Fix crash on invalid UTF-8 bytes in NatSpec comments. ALSO fix missing `Token::Illegal` handling in switch, giving misleading error to users by msooseth · Pull Request #16520 · argotorg/solidity

msooseth · 2026-03-12T13:58:01Z

Problem

The compiler crashes with an unhandled nlohmann::json::type_error when a source file
contains invalid UTF-8 bytes in a NatSpec comment (e.g. /// \xF7).
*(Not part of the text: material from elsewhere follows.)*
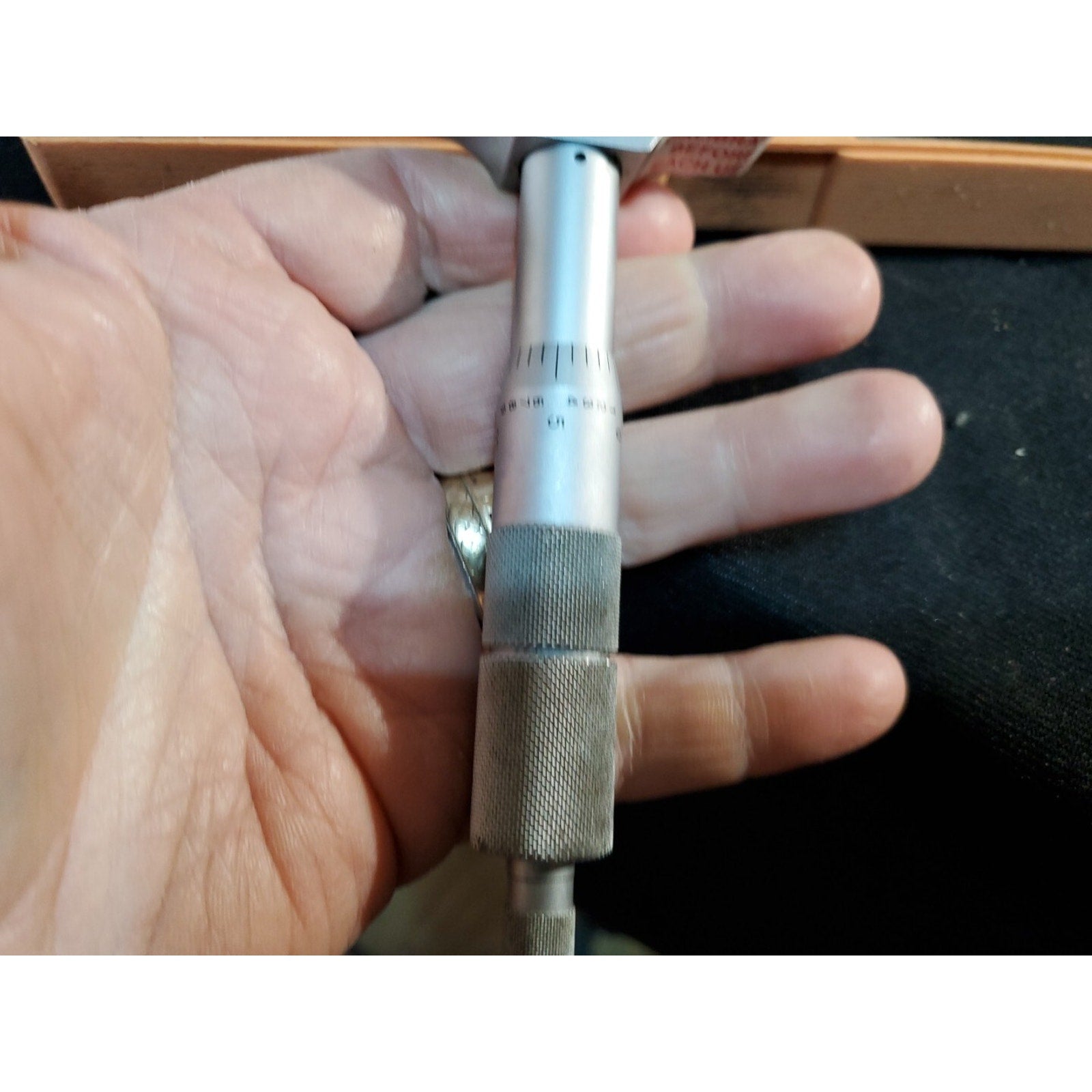 Mitutoyo - 0-6"/.001" Depth Mic w/ case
The scanner copies raw source bytes into the NatSpec comment literal without UTF-8
validation. These bytes end up in the metadata JSON via natspecUser/natspecDev,
and jsonPrint's dump(ensure_ascii=true) then throws type_error::316 on the
invalid byte.

A secondary issue: even after adding the scanner error, the compiler reported a
misleading "Expected pragma, import directive..." message instead of the real error,
because Token::Illegal fell into the default: branch of the top-level parser switch
which ignores currentError().

Fix

Scanner (liblangutil/Scanner.cpp): After scanning each NatSpec comment literal,
validate it using the existing solidity::util::validateUTF8 from libsolutil/UTF8.h
(which liblangutil already links against). If invalid UTF-8 is found, report the new
ScannerError::InvalidUTF8InComment error.

scanSingleLineDocComment: validate after literal.complete(); set
m_skippedComments[NextNext].error if invalid. scanSlash checks and propagates
this as Token::Illegal.
scanMultiLineDocComment: validate after literal.complete(); return
setError(ScannerError::InvalidUTF8InComment) if invalid.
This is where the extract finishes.